======== Exercise input ========

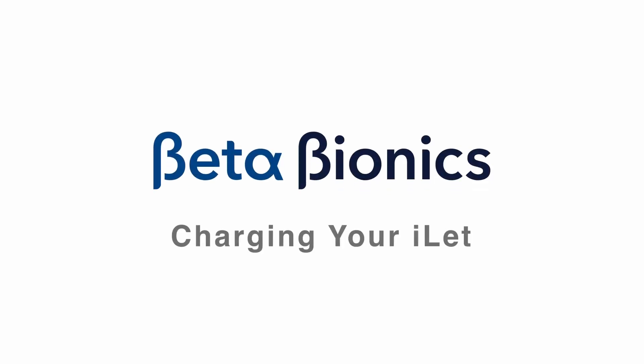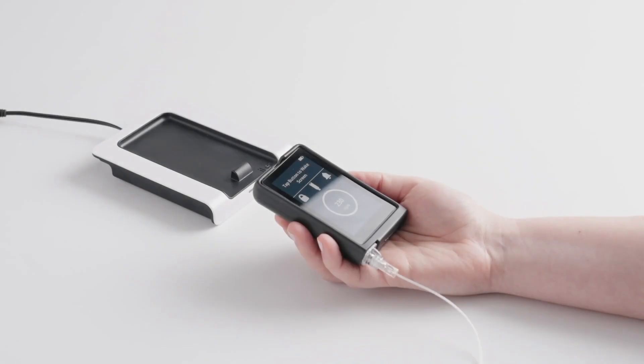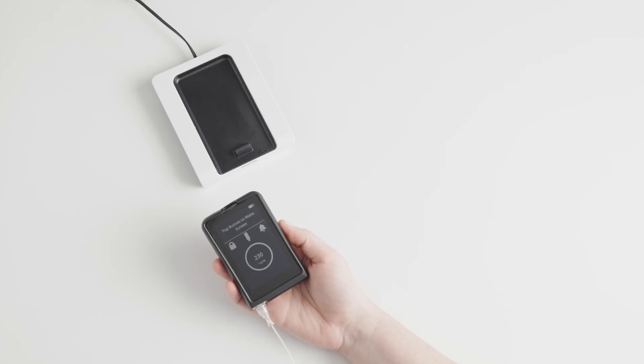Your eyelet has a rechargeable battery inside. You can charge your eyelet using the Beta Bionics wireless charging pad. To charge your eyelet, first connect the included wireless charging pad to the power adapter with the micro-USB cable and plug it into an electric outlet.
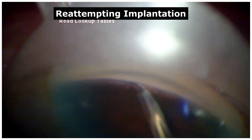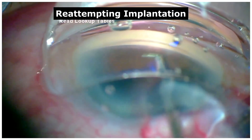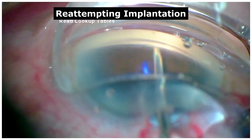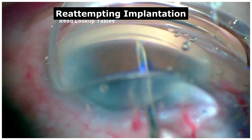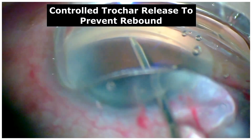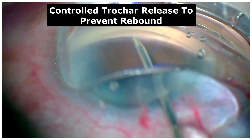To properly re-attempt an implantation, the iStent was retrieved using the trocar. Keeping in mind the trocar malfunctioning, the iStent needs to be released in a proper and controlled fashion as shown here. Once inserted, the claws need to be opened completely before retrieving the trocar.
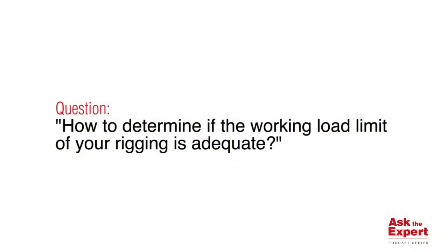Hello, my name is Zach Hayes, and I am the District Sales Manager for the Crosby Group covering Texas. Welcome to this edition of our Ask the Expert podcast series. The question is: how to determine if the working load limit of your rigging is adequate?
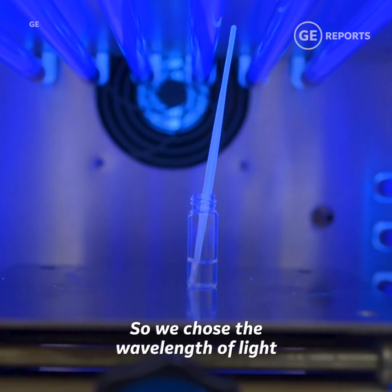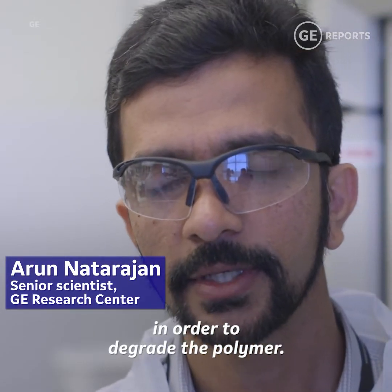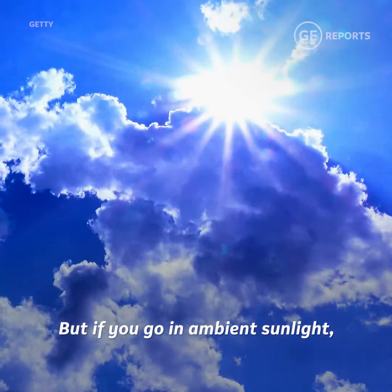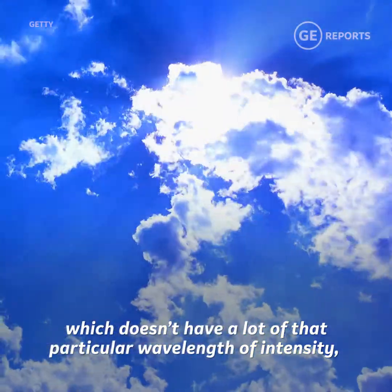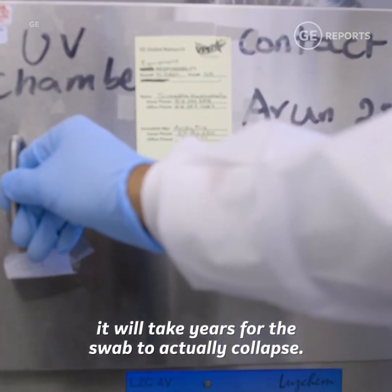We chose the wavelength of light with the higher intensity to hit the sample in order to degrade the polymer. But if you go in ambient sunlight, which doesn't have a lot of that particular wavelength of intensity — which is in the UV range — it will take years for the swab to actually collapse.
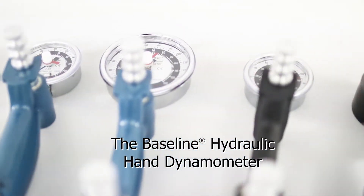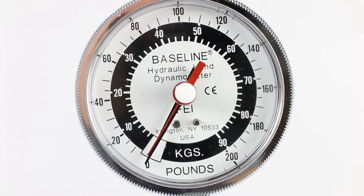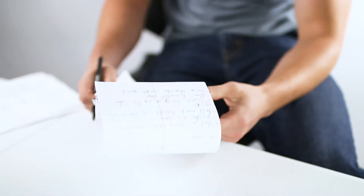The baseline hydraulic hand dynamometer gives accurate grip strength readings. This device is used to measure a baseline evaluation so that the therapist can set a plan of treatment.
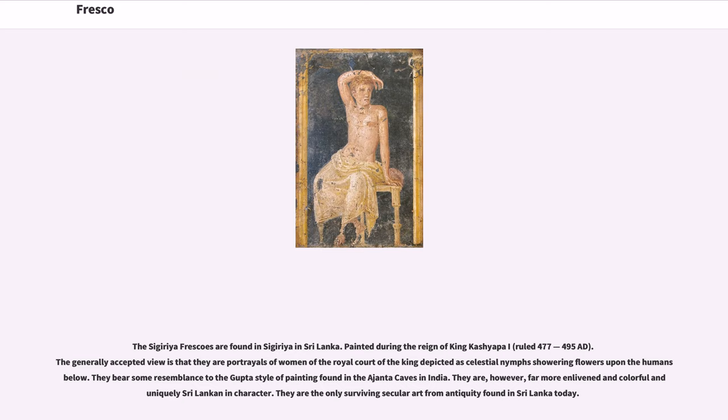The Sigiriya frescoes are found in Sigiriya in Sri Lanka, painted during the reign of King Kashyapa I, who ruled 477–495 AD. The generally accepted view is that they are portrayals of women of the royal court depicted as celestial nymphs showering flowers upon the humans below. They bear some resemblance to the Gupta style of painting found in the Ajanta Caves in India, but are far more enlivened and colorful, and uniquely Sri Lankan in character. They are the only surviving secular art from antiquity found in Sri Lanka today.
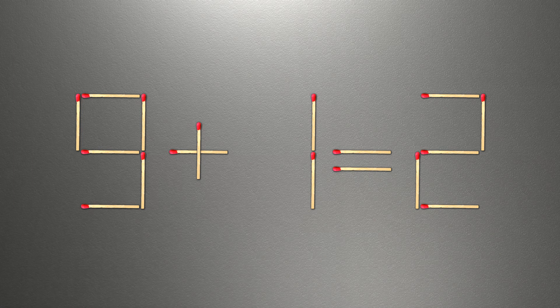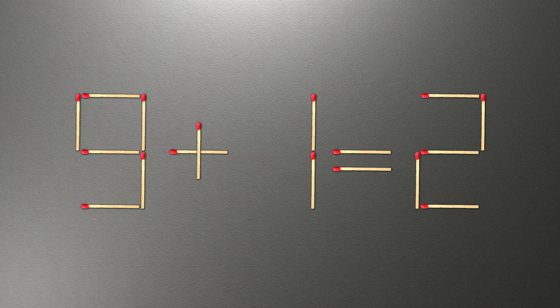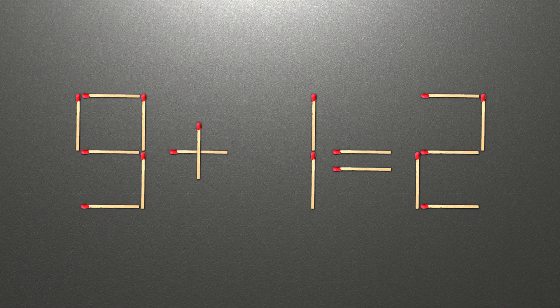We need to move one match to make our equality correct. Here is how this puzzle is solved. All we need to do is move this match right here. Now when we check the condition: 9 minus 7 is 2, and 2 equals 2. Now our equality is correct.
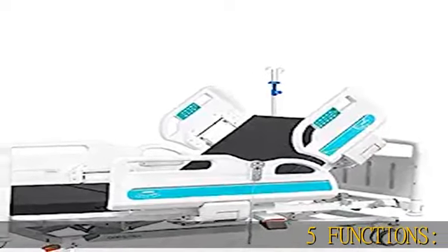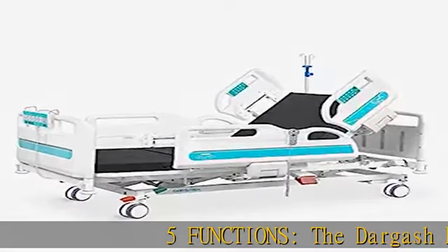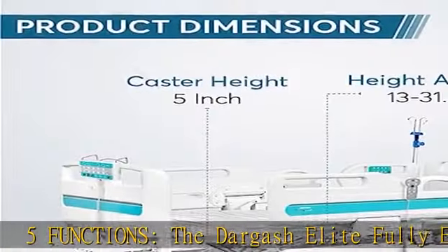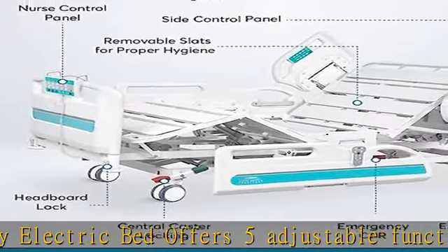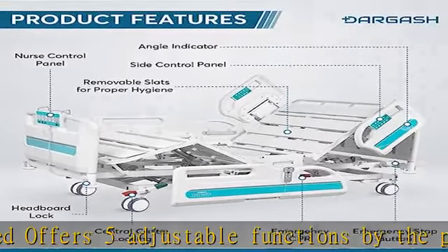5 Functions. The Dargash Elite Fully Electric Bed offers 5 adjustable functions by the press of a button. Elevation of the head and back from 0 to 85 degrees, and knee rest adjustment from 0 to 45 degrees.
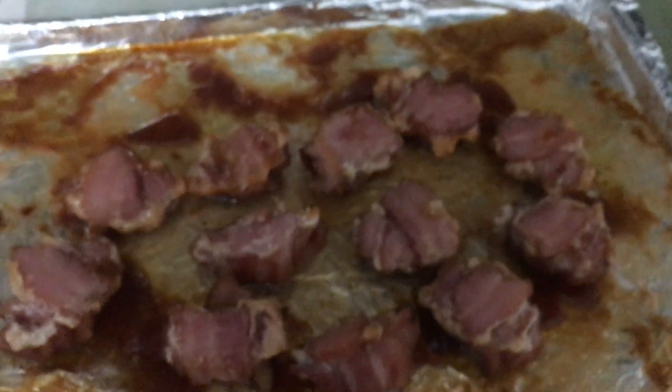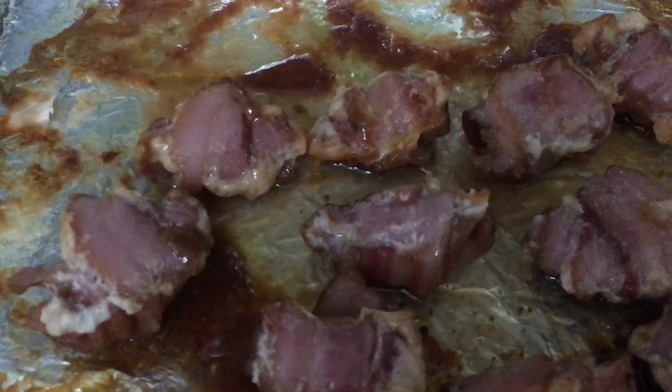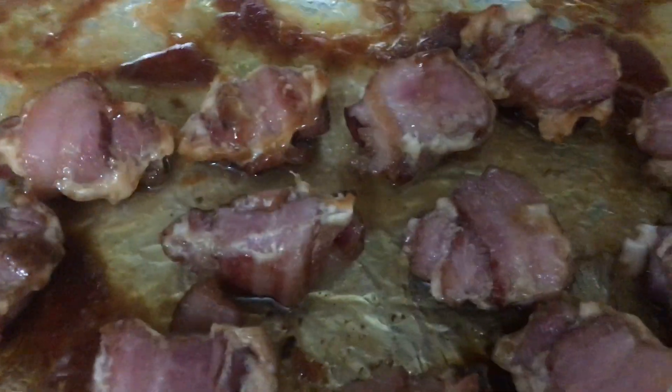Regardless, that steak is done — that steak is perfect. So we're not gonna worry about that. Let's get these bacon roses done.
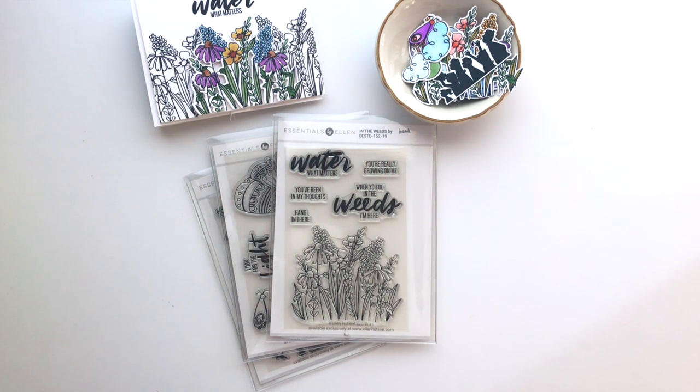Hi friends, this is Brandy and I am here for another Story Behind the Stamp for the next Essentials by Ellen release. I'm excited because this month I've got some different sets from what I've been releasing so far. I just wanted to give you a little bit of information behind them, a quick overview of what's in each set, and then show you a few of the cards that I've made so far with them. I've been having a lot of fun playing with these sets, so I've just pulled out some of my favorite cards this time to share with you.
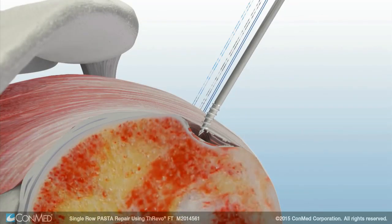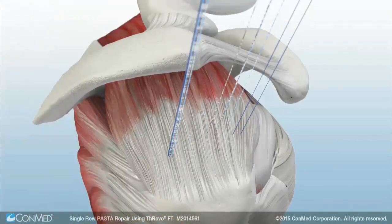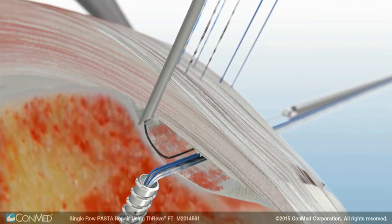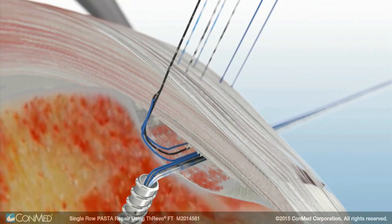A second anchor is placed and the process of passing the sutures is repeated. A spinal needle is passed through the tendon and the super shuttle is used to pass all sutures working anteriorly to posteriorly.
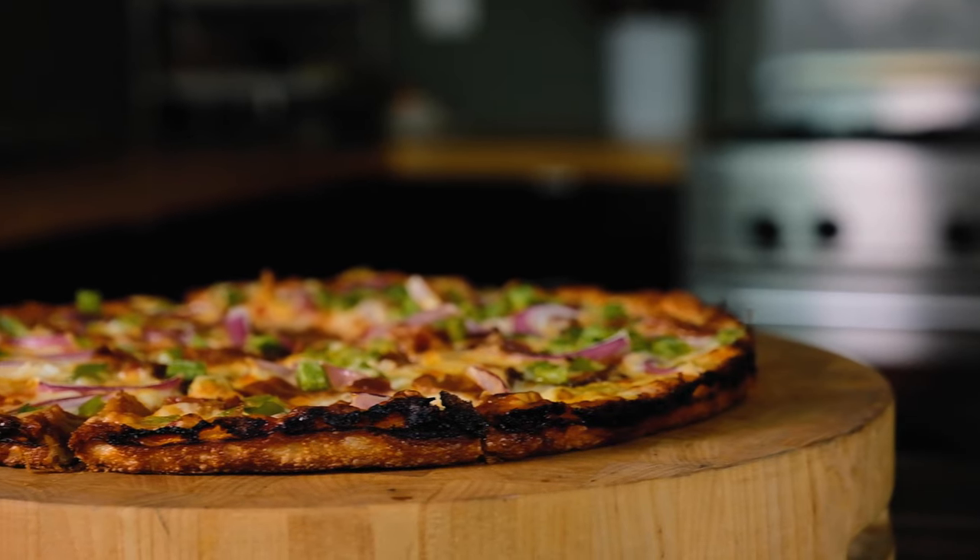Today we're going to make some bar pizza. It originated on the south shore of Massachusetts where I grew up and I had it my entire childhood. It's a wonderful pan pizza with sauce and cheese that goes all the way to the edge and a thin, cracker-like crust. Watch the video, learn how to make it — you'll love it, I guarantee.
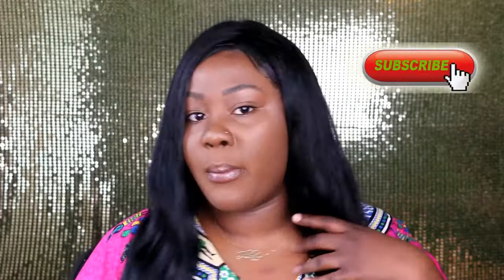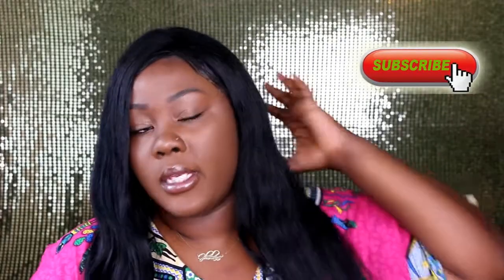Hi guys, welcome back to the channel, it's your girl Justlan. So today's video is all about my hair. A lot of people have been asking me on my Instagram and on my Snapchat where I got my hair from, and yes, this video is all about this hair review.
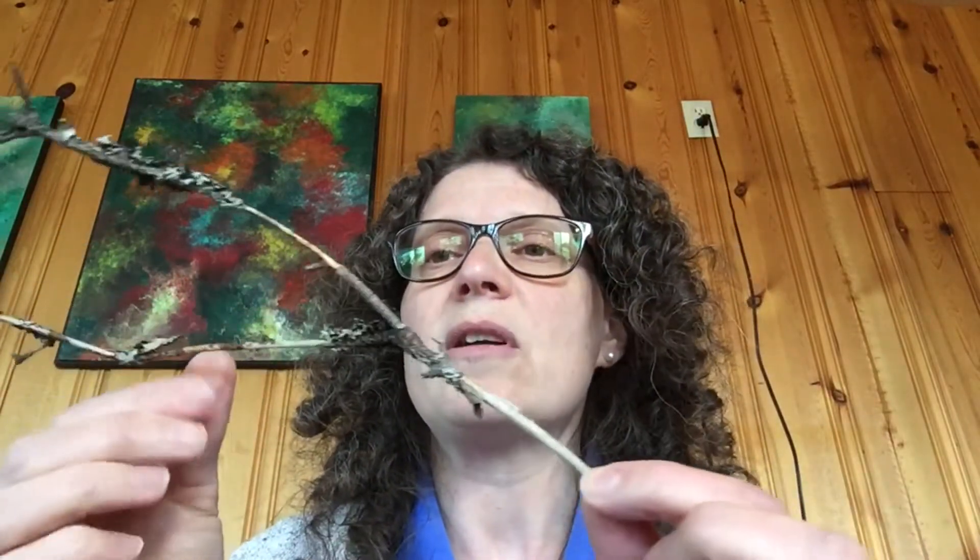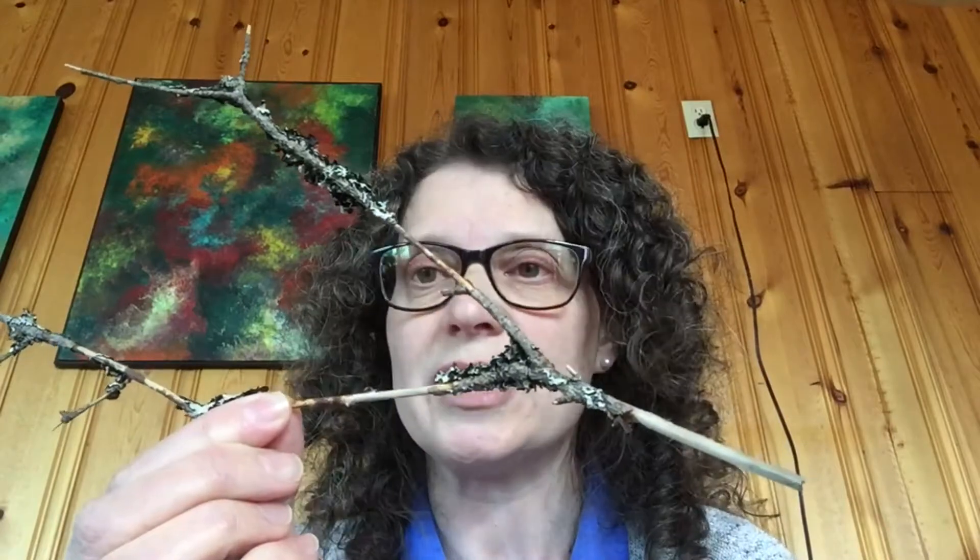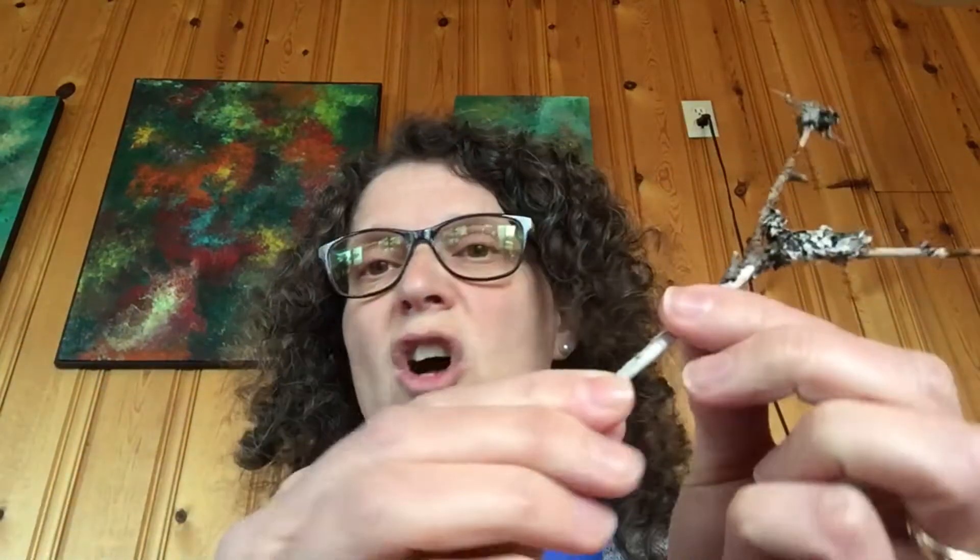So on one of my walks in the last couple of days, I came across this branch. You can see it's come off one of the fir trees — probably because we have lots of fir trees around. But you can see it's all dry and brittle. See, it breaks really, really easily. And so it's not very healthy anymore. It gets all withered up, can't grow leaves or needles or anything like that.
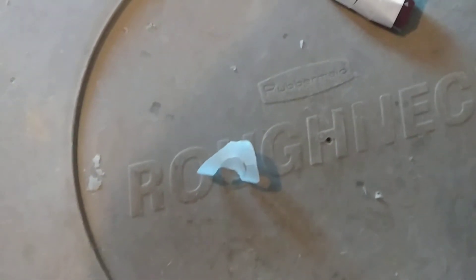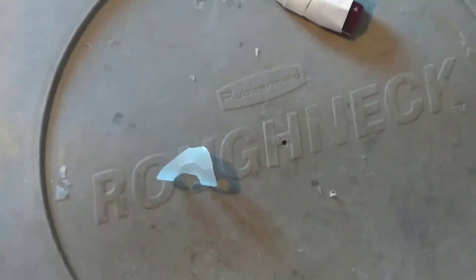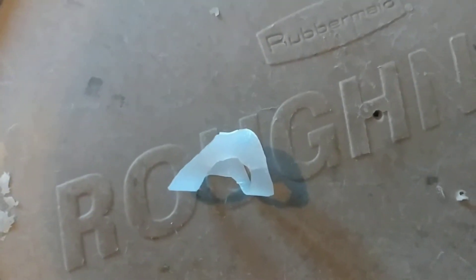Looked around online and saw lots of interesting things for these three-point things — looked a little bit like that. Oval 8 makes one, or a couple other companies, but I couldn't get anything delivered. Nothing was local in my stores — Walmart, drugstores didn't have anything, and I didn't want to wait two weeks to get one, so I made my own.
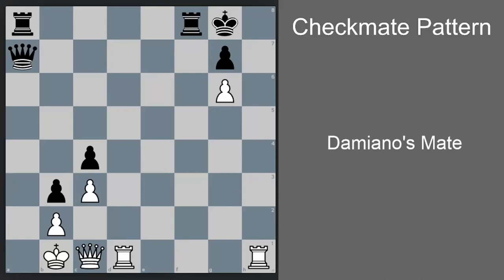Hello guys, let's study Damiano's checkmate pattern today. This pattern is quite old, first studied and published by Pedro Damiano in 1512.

========

• Activity
Write back word for word every line in the entries above from the one with "We chose the" to the one with "The baseline hydraulic", ends included, and none of the pictures.

• Answer for this exercise
We chose the wavelength of light with the higher intensity to hit the sample in order to degrade the polymer. But if you go in ambient sunlight, which doesn't have a lot of that particular wavelength of intensity — which is in the UV range — it will take years for the swab to actually collapse.
The baseline hydraulic hand dynamometer gives accurate grip strength readings. This device is used to measure a baseline evaluation so that the therapist can set a plan of treatment.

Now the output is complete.